The Lee’s Summit City Council has put a 180-day administrative hold on applications related to medical marijuana activities. The city has been mindful of the possibility of legalization for the better part of 2018 and has been considering how to proceed as a city, now that statewide legalization of medical cannabis has been approved by voters.
At their Nov. 20 meeting, the council heard from City Attorney Brian Head and Assistant Fire Chief Jim Eden regarding some of the potential regulatory actions and consequences the city will need to consider.
Head reiterated that a draft ordinance accepted (but not approved) by the council in March that would outright prohibit the use of cannabis in the city could not be adopted, per a clause in the state’s amendment. The amendment allows cities to designate the “time, place and manner” in which cannabis can be sold and used within city limits, but that they cannot enact rules or regulations that will make it “unduly burdensome” for patients.
He said that the second ordinance, also drafted by the health education advisory board, could be adopted with some adjustments. That ordinance provides zoning relations for dispensaries and cultivation, but the city will have other categories to address as well, including extraction, manufacturing and transportation.
Both Head and Eden referenced lessons learned from Denver and the state of Colorado since legalizing marijuana for both medical and recreational use. The city plans to keep those experiences in mind as they develop rules for planning and zoning, manufacturing, extraction of oils (particularly for their use in edible products), transportation and sales.
“This is a very evolving process,” Eden said, describing an environment of continued research and development to improve efficiency and effectiveness in states where cannabis is legal.
The constitutional amendment will go into effect Dec. 6. The state is expected to promulgate regulatory statutes within 180 days. City staff will begin working on their own draft regulations, subject to the state rules once available, for council consideration. The administrative hold on the acceptance and processing of development applications, applications for building permits and business licenses, or other activities related to medical marijuana is intended to give the city time to “get their ducks in a row,” as Mayor Bill Baird said.

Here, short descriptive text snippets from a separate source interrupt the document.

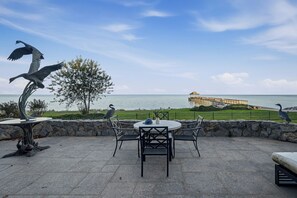 Outdoor dining - Private Pier, Main+Guest House | Luxe Waterfront Home | Bay Estate by AvantStay (Dameron)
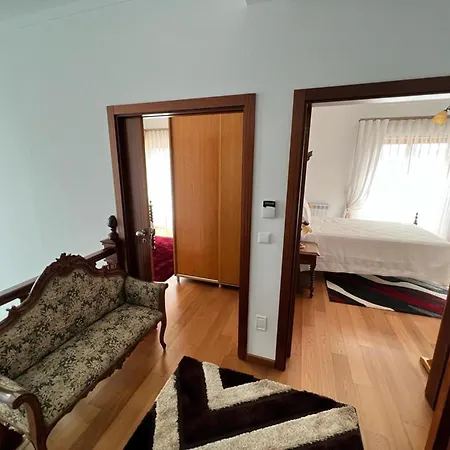 Σπίτι διακοπών Stunning 4-bed House *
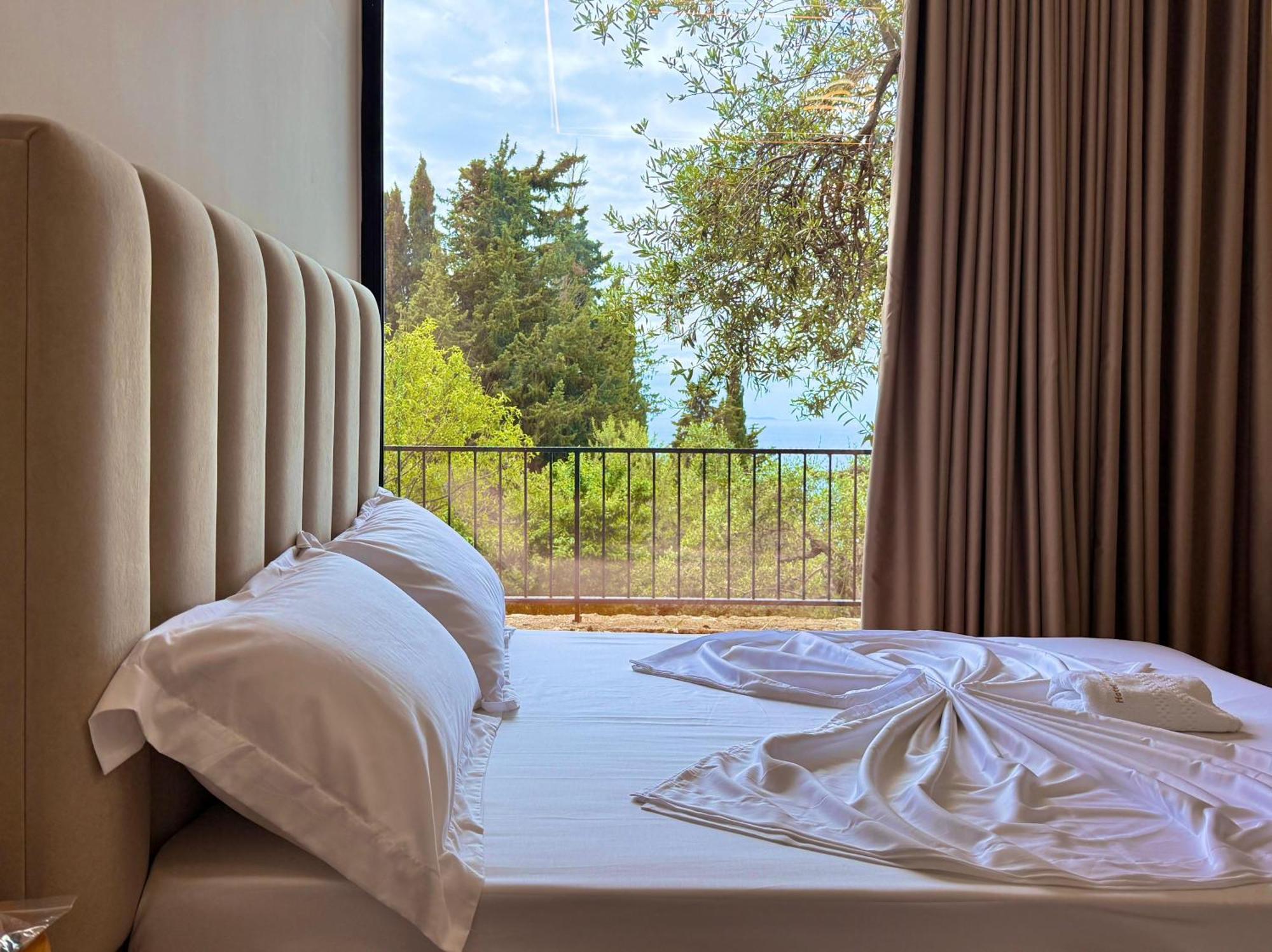 Hotel Panorama Piqeras Kültér fotó
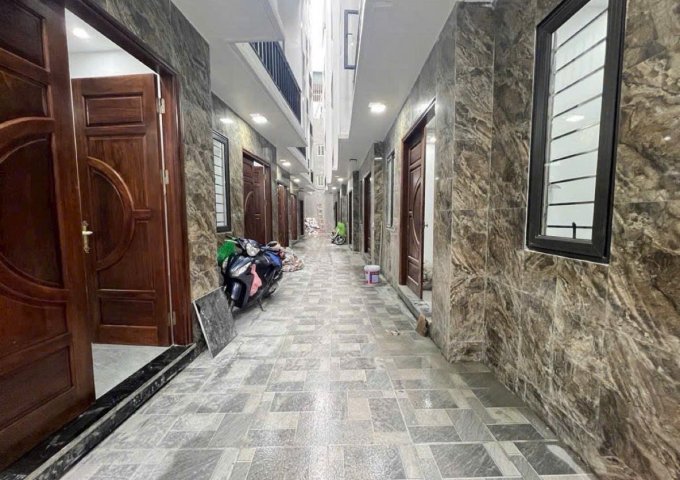 Bán nhà Ngọc Thụy, 30m2, 5 tầng, Mt 4.08m, dân trí cao, hàng xóm thân thiện, giá 6.15 tỷ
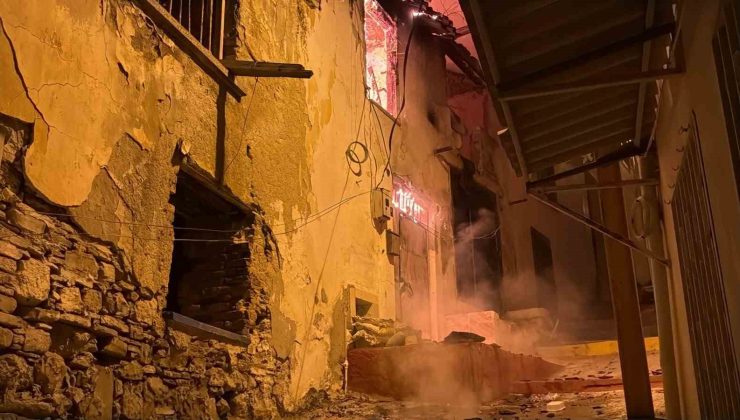 Kuşadası’nda gece yarısı korkutan yangın: Yanlış parklar itfaiyeyi geciktirdi
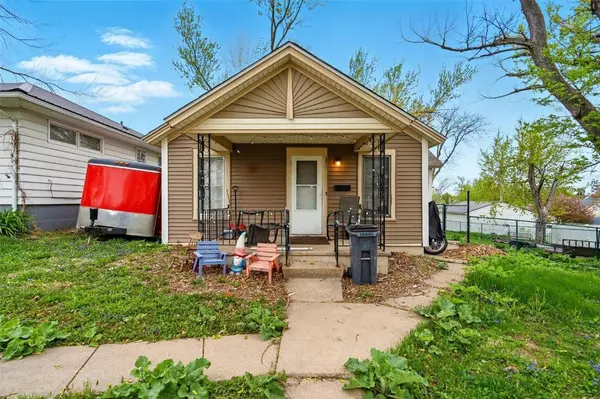 1116 21st AVE SW, Cedar Rapids, IA 52404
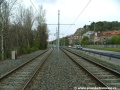 Koleje tramvajové tratě se před zastávkami Přístaviště začnou stáčet v levém oblouku.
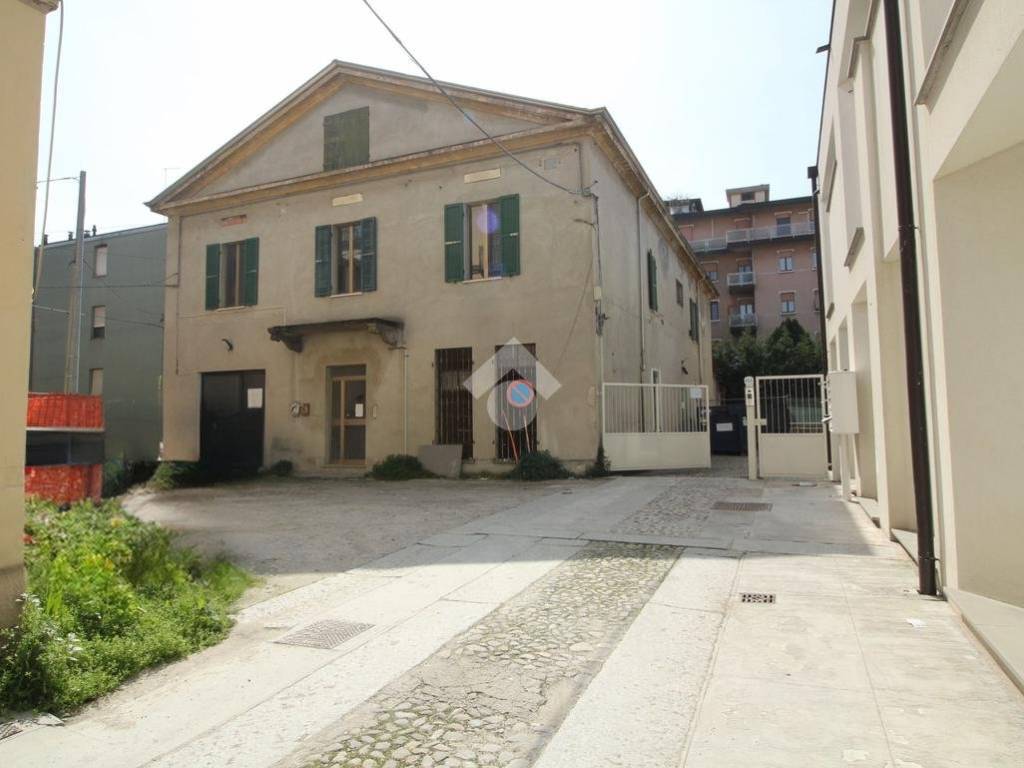 casa indipendente in vendita a Parma in zona San Lazzaro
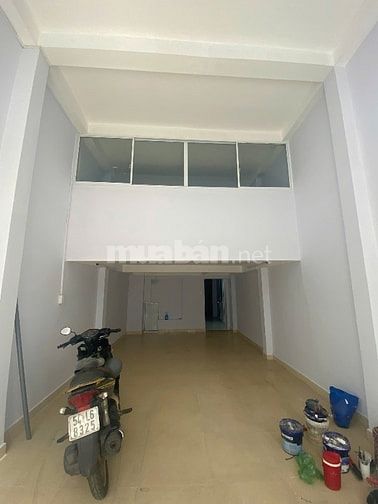 Hẻm xe hơi CMT8,Gần mặt tiền Ngang 4m,3Tầng,7PN,Thông Ra Hoà Hưng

Councilmember Bob Johnson expressed frustration that the city was not appearing neutral in its consideration of next steps. He suggested that the city should remember that this law was approved by the voters and to wait for the state to provide their own regulatory guidance. Johnson said that while he agreed that time should be taken to research how the city should handle code changes and zoning regulations, he felt that the city already seems eager to implement more restrictive regulations than the amendment requires.
“I think we’re rushing awfully quick on this,” Johnson said.
Councilmember Trish Carlyle disagreed, suggesting that the administrative hold was the best way to address the current lack of guidance from the state. She said that if the state provides regulations on Dec. 6, the city can decide how they want to proceed and lift the hold as soon as they feel prepared to consider applications. And if the state’s regulations are delayed, the council can extend the hold up to one year.
The administrative hold was passed with only Johnson voting against. Mayor Pro Tem Beto Lopez was absent from the regular session. The planning commission was also present for the presentation and discussion but did not take any action of their own.